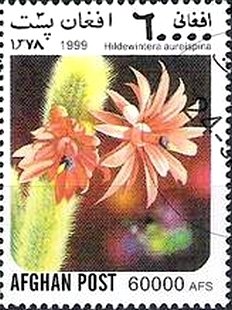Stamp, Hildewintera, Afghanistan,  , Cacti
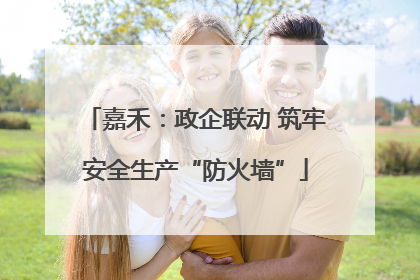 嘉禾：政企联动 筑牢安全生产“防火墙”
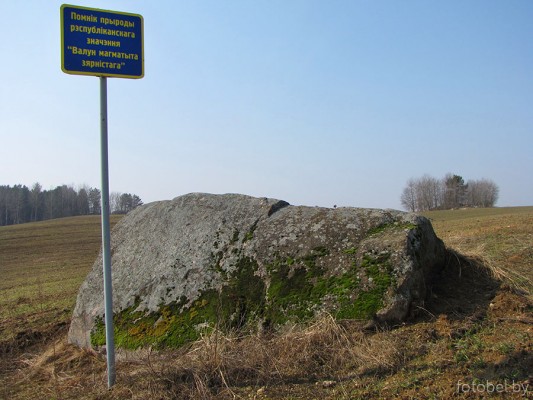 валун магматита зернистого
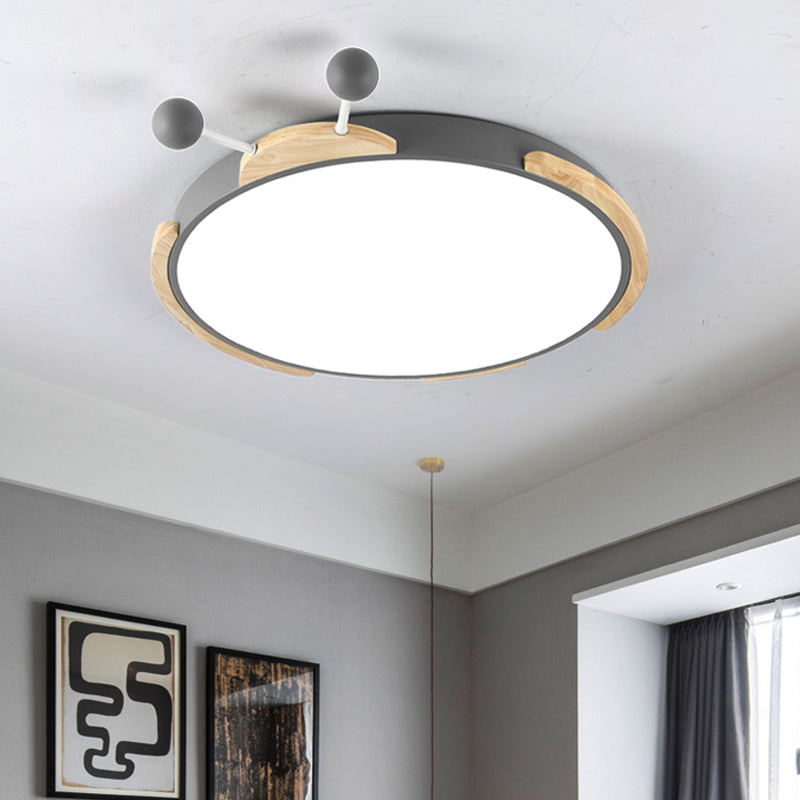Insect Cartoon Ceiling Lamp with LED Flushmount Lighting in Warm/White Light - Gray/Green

--

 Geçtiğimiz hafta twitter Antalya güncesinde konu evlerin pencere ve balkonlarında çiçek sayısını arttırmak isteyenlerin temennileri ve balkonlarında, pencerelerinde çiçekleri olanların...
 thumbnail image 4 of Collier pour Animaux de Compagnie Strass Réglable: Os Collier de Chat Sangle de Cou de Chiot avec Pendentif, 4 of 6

--

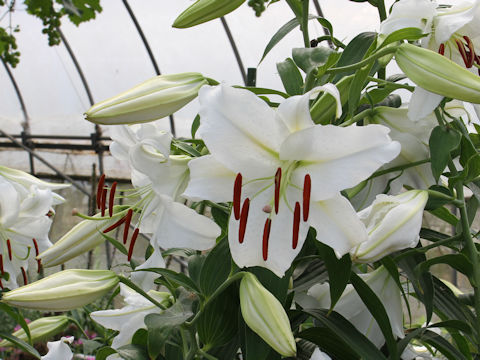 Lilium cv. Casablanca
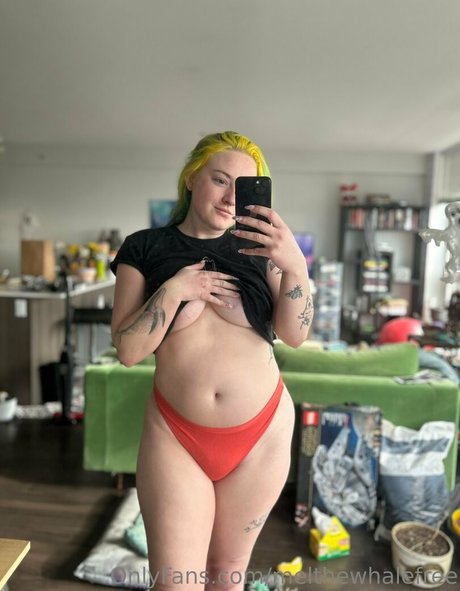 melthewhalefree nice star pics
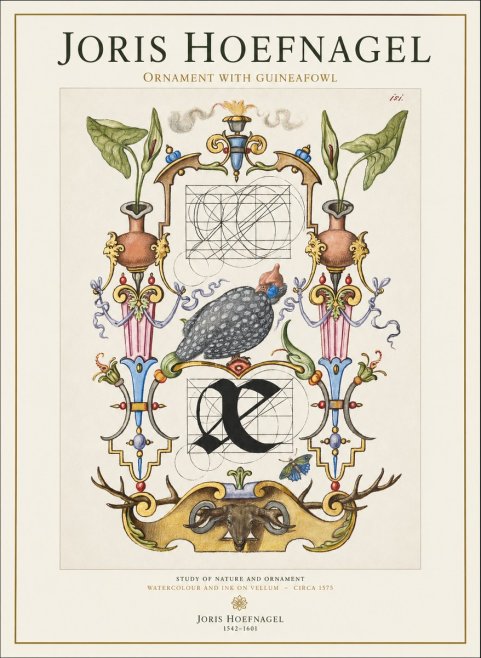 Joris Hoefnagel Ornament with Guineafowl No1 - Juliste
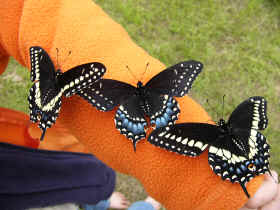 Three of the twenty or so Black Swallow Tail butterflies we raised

Exercise objective
Using the listing above, reproduce word for word every line from the one containing "Lilium cv. Casablanca" through the one containing "Three of the". Pictures must be left out.

Reply
 Lilium cv. Casablanca
 melthewhalefree nice star pics
 Joris Hoefnagel Ornament with Guineafowl No1 - Juliste
 Three of the twenty or so Black Swallow Tail butterflies we raised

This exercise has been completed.